Within twenty minutes we were standing—our avatar robots were standing—where we had stopped the previous day: before the opening in the far wall where the train of boxes had come through. The room, as far as we could discern, had not changed. It no longer seemed that the “train cars,” as I had come to think of them, had something seething within.
“Our signal is still good,” Daltry said. “We should be able to walk into there without any problem for control.”
“Let's go,” Karen said. She led the way.
We stepped over a narrow threshold. The “wall” separating the two spaces was thin. On the other side, the light was dimmer. I adjusted my controls until I could see better. Before us stretched a circular room; at our scale, the size of a small stadium. But it was empty. No geometric structures rose from the floor. Instead, the floor was formed of a scale pattern, radiating from the center of the room. And though lights shot through the walls and ceiling, as they did in the space behind us—and which we had started to call the “anteroom"—the floor had only a single light. A circle in the center of the room glowed pale green. Daltry set off toward it.

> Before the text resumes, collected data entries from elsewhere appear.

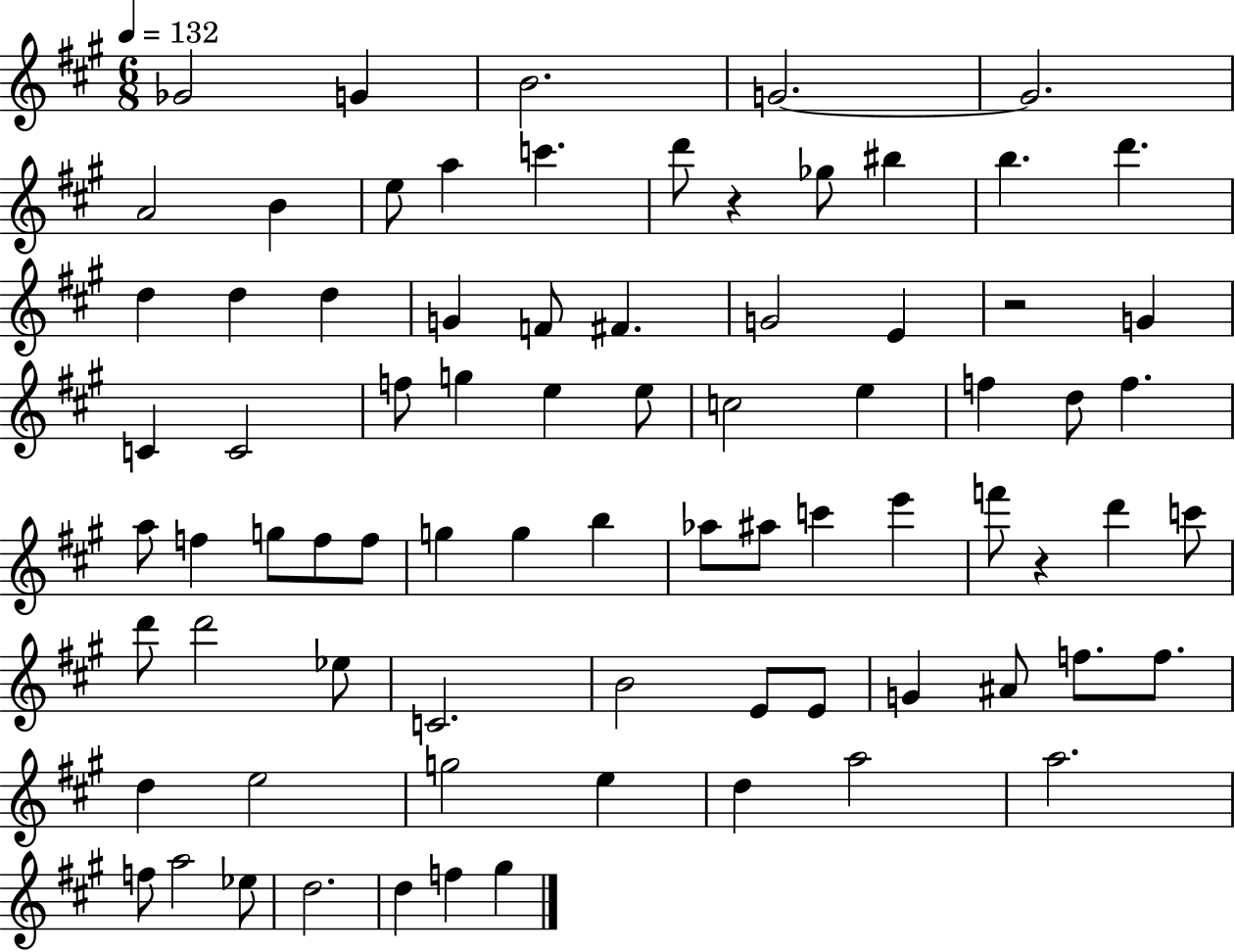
{
  \clef treble
  \numericTimeSignature
  \time 6/8
  \key a \major
  \tempo 4 = 132
  ges'2 g'4 | b'2. | g'2.~~ | g'2. | \break a'2 b'4 | e''8 a''4 c'''4. | d'''8 r4 ges''8 bis''4 | b''4. d'''4. | \break d''4 d''4 d''4 | g'4 f'8 fis'4. | g'2 e'4 | r2 g'4 | \break c'4 c'2 | f''8 g''4 e''4 e''8 | c''2 e''4 | f''4 d''8 f''4. | \break a''8 f''4 g''8 f''8 f''8 | g''4 g''4 b''4 | aes''8 ais''8 c'''4 e'''4 | f'''8 r4 d'''4 c'''8 | \break d'''8 d'''2 ees''8 | c'2. | b'2 e'8 e'8 | g'4 ais'8 f''8. f''8. | \break d''4 e''2 | g''2 e''4 | d''4 a''2 | a''2. | \break f''8 a''2 ees''8 | d''2. | d''4 f''4 gis''4 | \bar "|."
}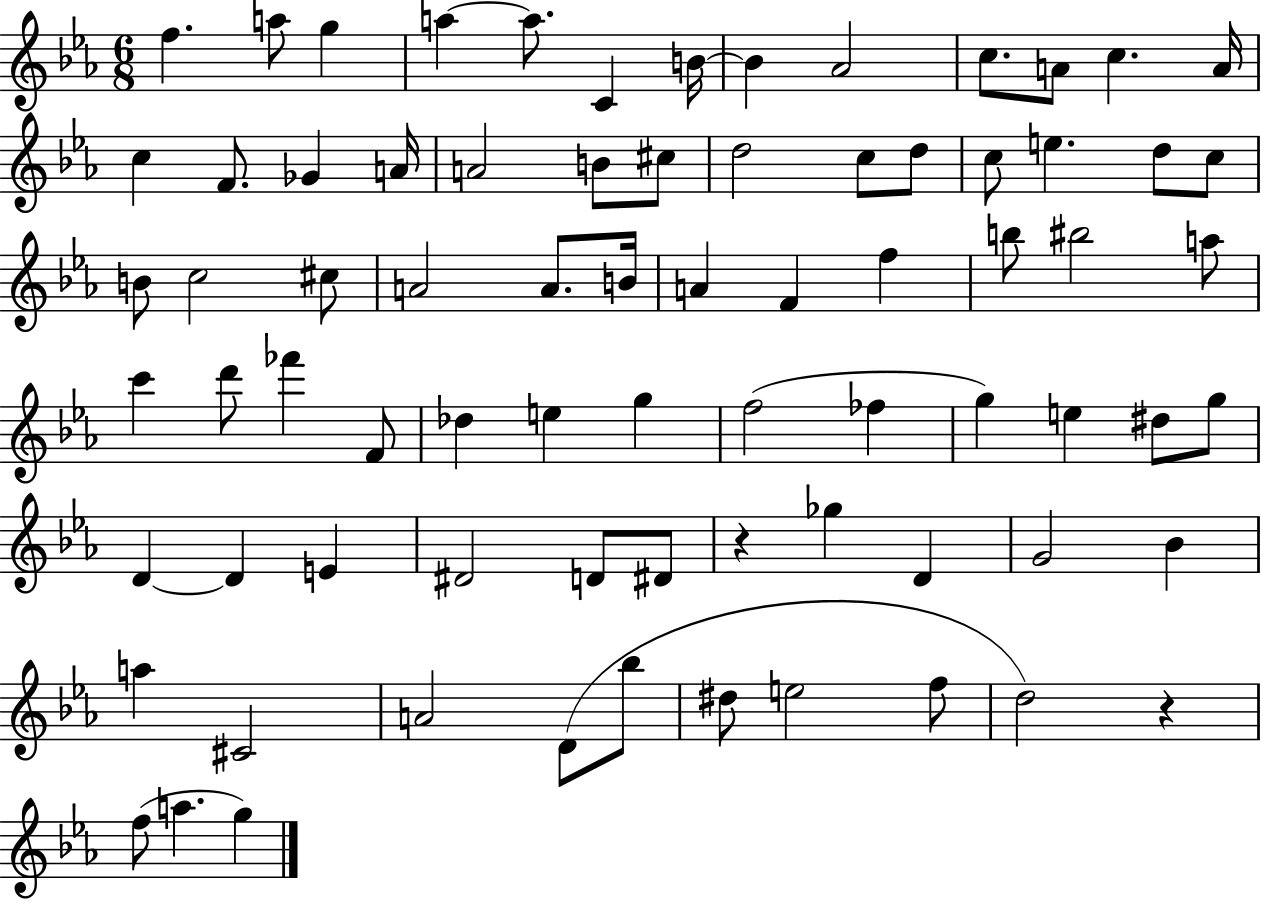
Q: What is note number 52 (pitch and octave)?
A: G5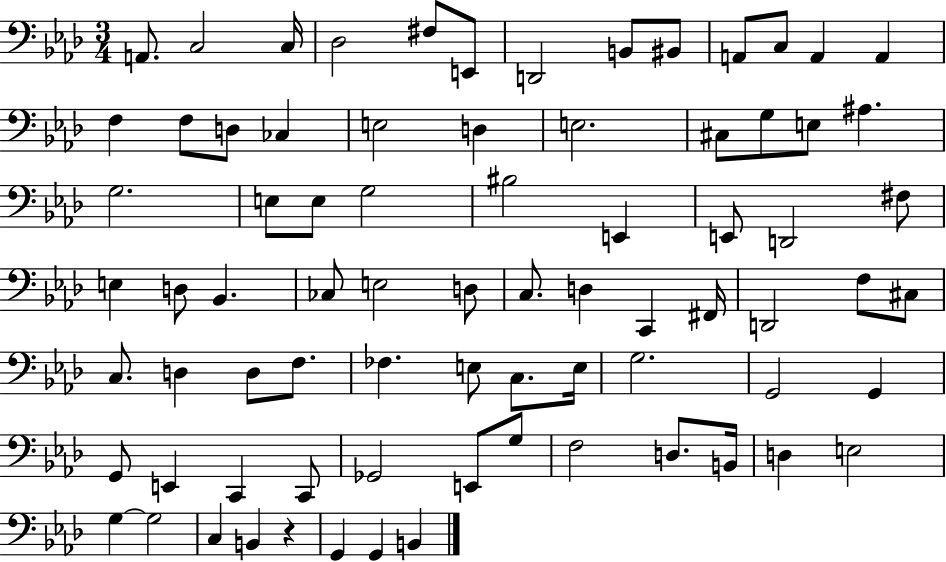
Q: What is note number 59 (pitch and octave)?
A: E2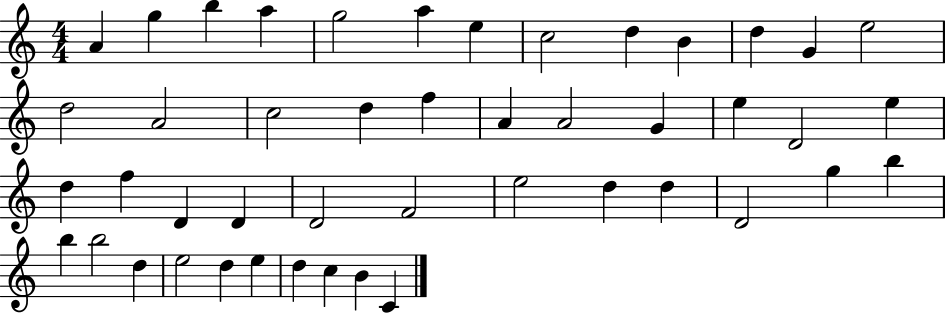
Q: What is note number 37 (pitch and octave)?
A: B5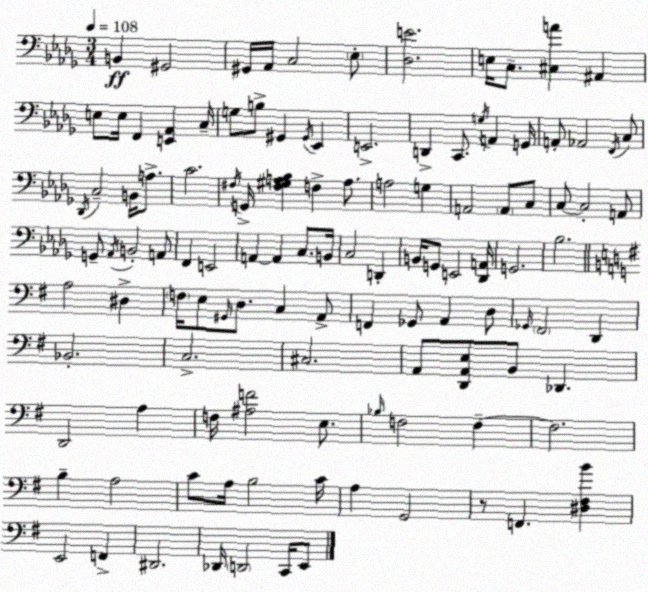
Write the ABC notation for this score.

“Don't enter the circle,” I said. He reluctantly stopped at the edge, the black arms and torso of his robot leaning forward, as if straining to enter the circle.
“What do you think it is?” Karen asked.
“Maybe nothing,” Daltry said.
“I vote one of us steps onto it,” Karen said.
“Second,” Daltry said.
“All in favor say ‘aye,'” Karen said.
Both of them said, “Aye.”
Before I could utter a sound, they were done with their mock parliament, and Daltry stepped into the circle.

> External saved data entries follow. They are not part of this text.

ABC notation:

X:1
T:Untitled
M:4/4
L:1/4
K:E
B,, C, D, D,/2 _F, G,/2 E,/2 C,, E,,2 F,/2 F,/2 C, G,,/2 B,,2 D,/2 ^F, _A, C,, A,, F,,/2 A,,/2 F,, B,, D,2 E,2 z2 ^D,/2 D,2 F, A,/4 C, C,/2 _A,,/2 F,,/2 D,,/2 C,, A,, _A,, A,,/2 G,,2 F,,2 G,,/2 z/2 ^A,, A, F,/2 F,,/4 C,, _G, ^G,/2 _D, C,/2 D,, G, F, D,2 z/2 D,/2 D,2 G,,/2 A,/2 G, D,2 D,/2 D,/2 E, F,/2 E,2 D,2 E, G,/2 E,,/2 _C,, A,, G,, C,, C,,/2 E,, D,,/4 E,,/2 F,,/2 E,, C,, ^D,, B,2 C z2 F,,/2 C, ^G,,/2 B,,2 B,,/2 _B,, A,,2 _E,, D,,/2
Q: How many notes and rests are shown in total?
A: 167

The lights in the walls of the room changed, exploding into rainbow colors. Karen grabbed my arm and pulled me into the circle after her, as if she thought it safer there than outside.

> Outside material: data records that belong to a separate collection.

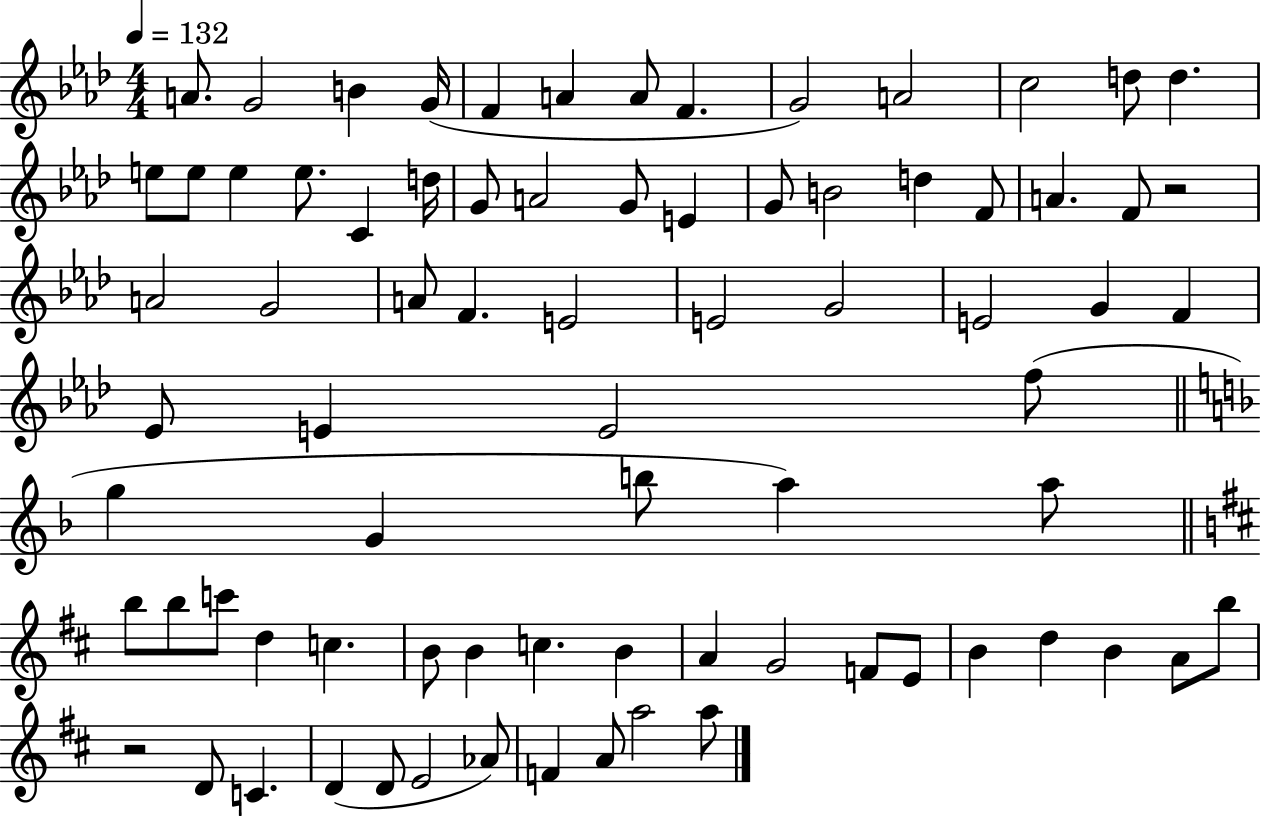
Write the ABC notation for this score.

X:1
T:Untitled
M:4/4
L:1/4
K:Ab
A/2 G2 B G/4 F A A/2 F G2 A2 c2 d/2 d e/2 e/2 e e/2 C d/4 G/2 A2 G/2 E G/2 B2 d F/2 A F/2 z2 A2 G2 A/2 F E2 E2 G2 E2 G F _E/2 E E2 f/2 g G b/2 a a/2 b/2 b/2 c'/2 d c B/2 B c B A G2 F/2 E/2 B d B A/2 b/2 z2 D/2 C D D/2 E2 _A/2 F A/2 a2 a/2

We looked around, wondering what the change in the colors meant.
“Did you see that?” Karen asked.
“What?”
“Something streaked by, then faded. In the air.”
As we watched, another colorful shape shot by, transparently blue. It looked like a graph—blue lines forming a tight network with blue spheres. The color darkened and then disappeared.
As we watched, more such figures appeared. Grids, geometric shapes, fluid dynamic forms. They were like dancing holograms, moving around the air above and around us, changing colors and fading into and out of view.
“It's projecting things. Information. Perhaps trying to communicate,” Karen said.
“What are the visual capabilities of these robots?” Daltry asked.
“A bit of infrared, a bit more ultraviolet. I can give them some artificial color and we'll about double our visible spectrum.” I pulled up a virtual keyboard and typed up the commands. When I was done, the number of figures multiplied in the air around us.
“Wow,” Daltry said.
“It doesn't know what we can see,” Karen said. “It's trying all kinds of spectra.”
A pink grid floated by, the color of cotton candy, near the edge of the circle. Daltry walked over to it. The motion of the grid slowed and stopped.
“It sensed your motion,” I said.
Daltry reached out and touched it. His microbot's arm went straight through the light, of course, but instantly every colored shape in the room turned pink. And hundreds of pink shapes appeared with them. The whole space, above and around us, was crowded now with forms and things that looked like diagrams and graphs.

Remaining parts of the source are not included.